• What this task involves: Drop every image and restate the entries below word for word.

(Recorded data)
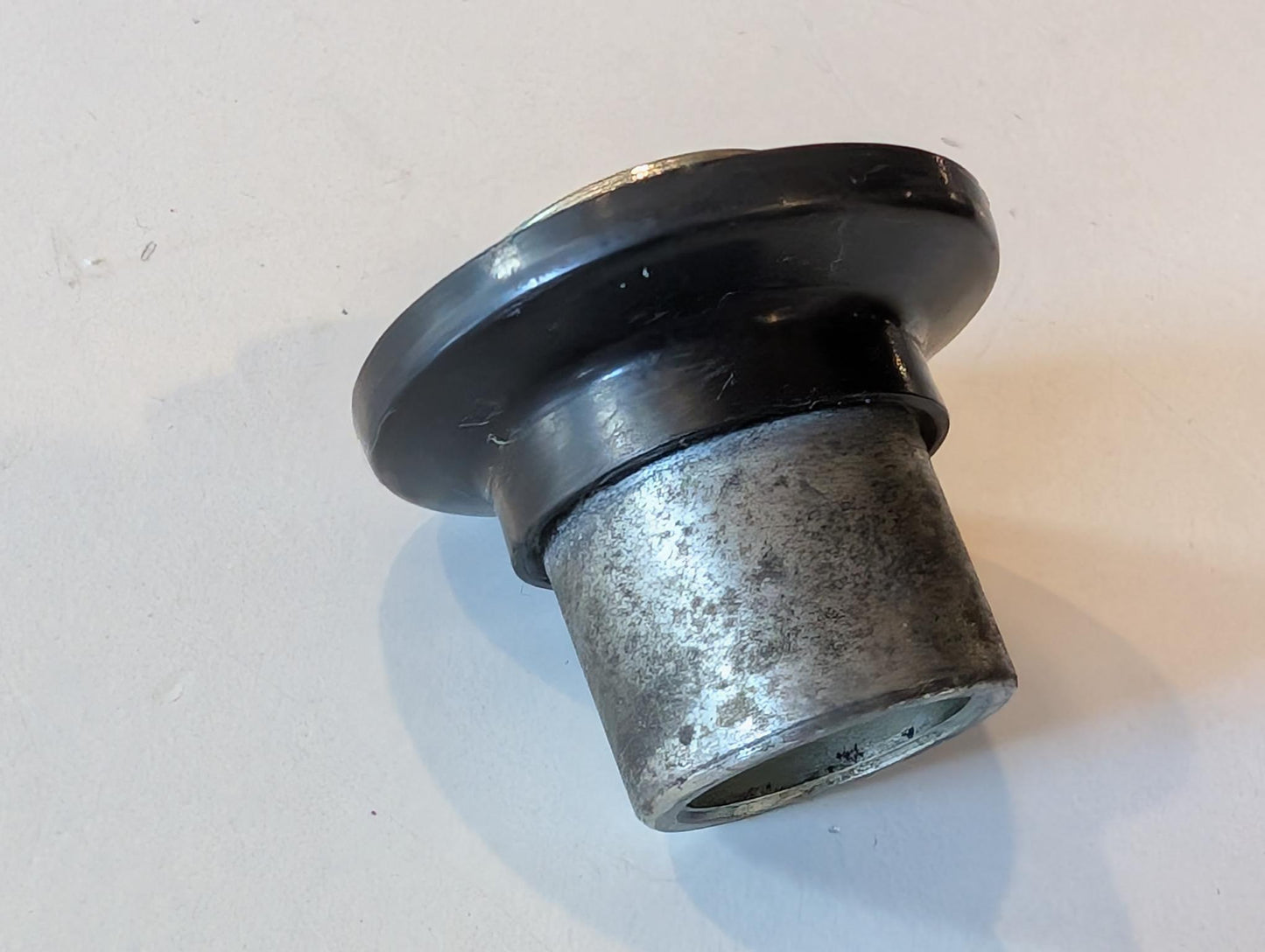 Yamaha XT600E 3TB 3UW Distanzhülse Staubdeckel Vorderrad Achse 90387-152J3 322-25118-00, gebraucht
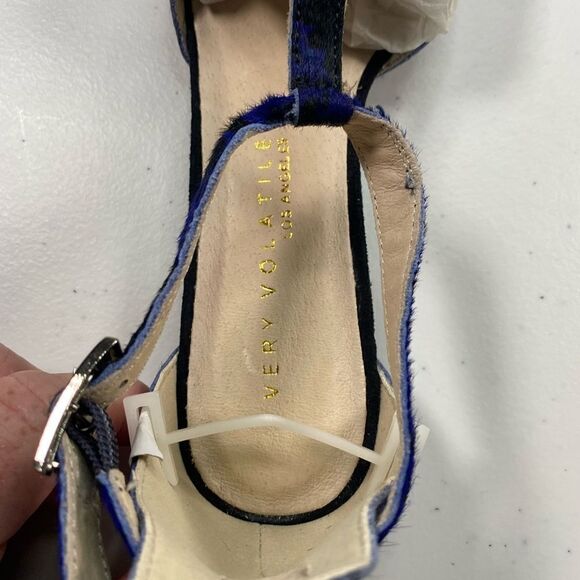NIB Very Volatile Women’s Blue Leopard Print Flat Shoes Pointy Toe Straps-Size 7 - Picture 7 of 8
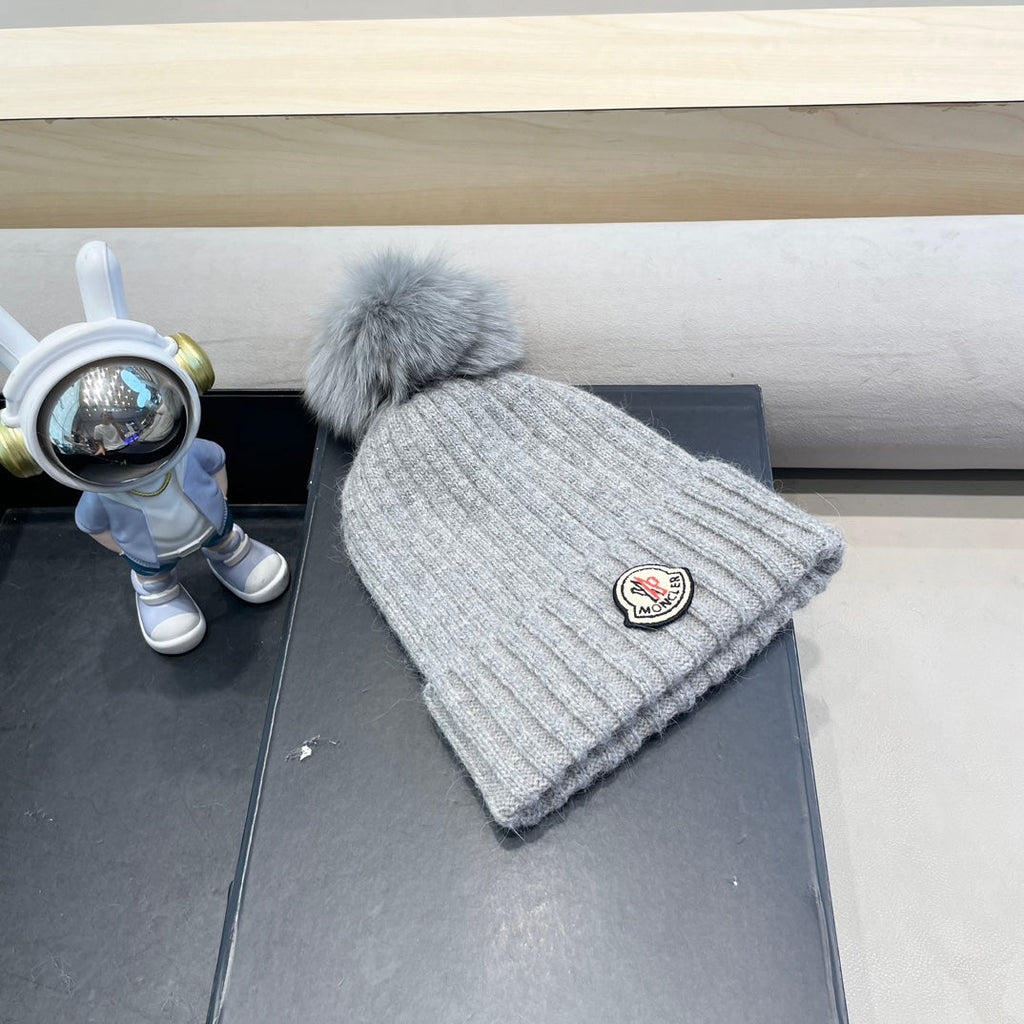 MONCLER BEANIE HAT IN ASH GRAY WOOL WITH POM POM 438107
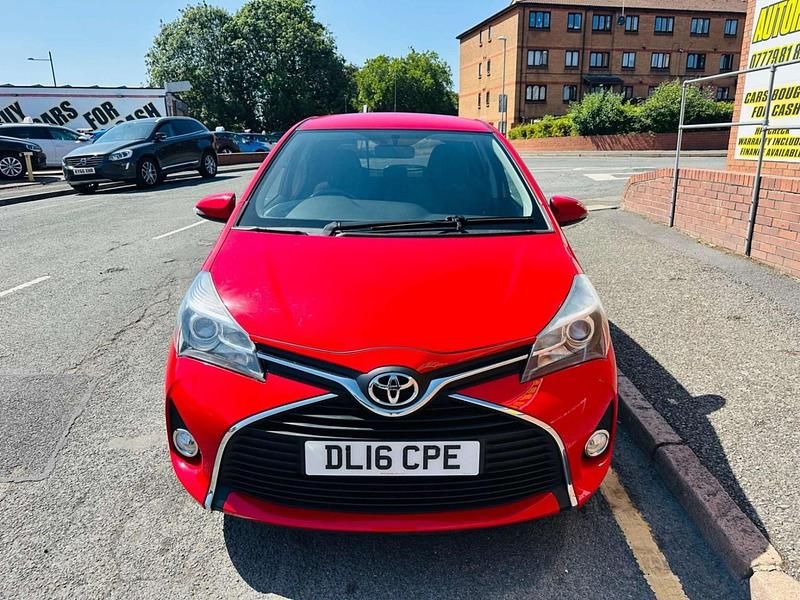 Used Toyota Yaris 99 HP (72 kW) 2016 Red Hatchback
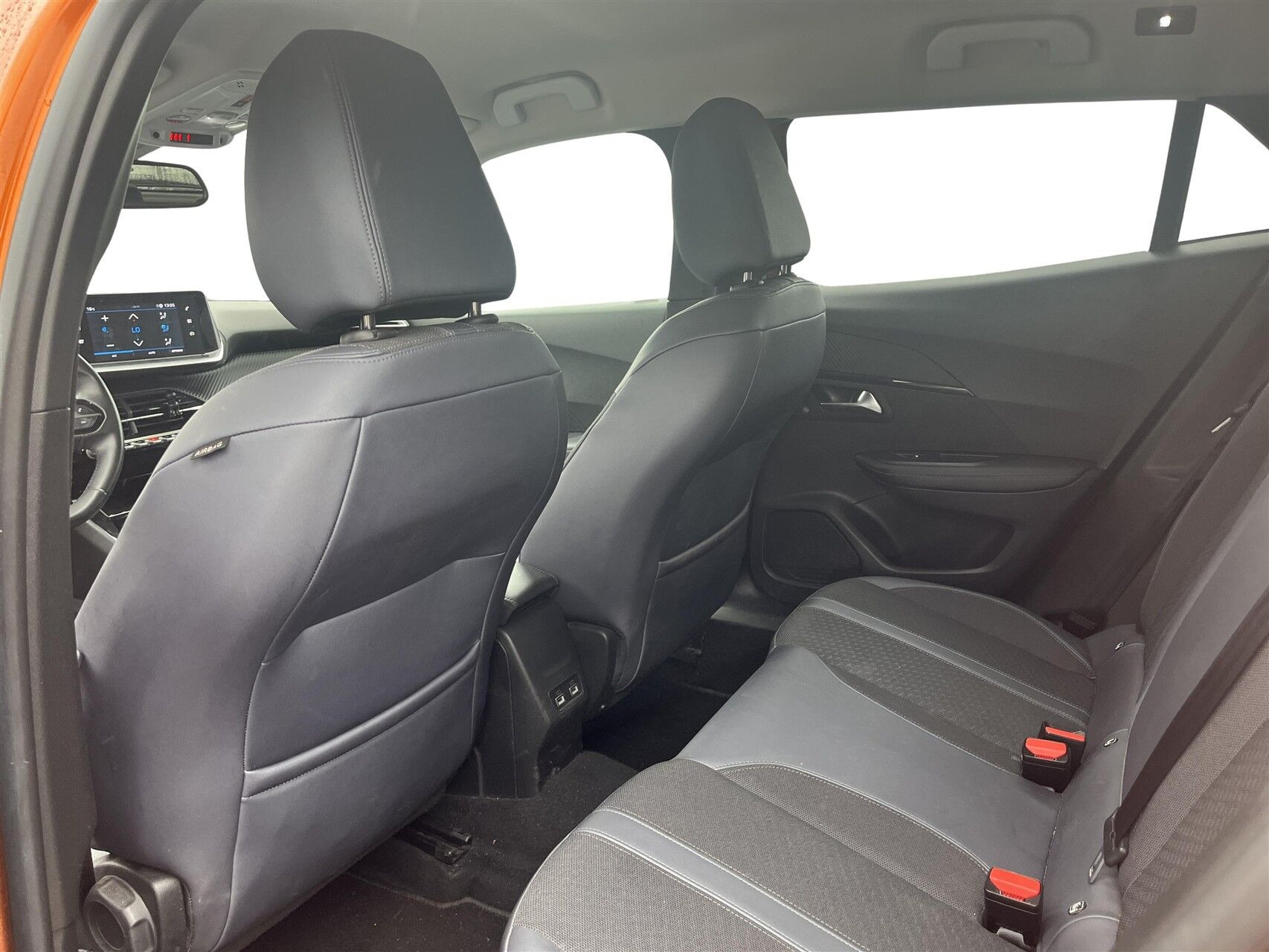 Orange Peugeot 2008 fra 2020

• Output for this task:
 Yamaha XT600E 3TB 3UW Distanzhülse Staubdeckel Vorderrad Achse 90387-152J3 322-25118-00, gebraucht
NIB Very Volatile Women’s Blue Leopard Print Flat Shoes Pointy Toe Straps-Size 7 - Picture 7 of 8
 MONCLER BEANIE HAT IN ASH GRAY WOOL WITH POM POM 438107
 Used Toyota Yaris 99 HP (72 kW) 2016 Red Hatchback
 Orange Peugeot 2008 fra 2020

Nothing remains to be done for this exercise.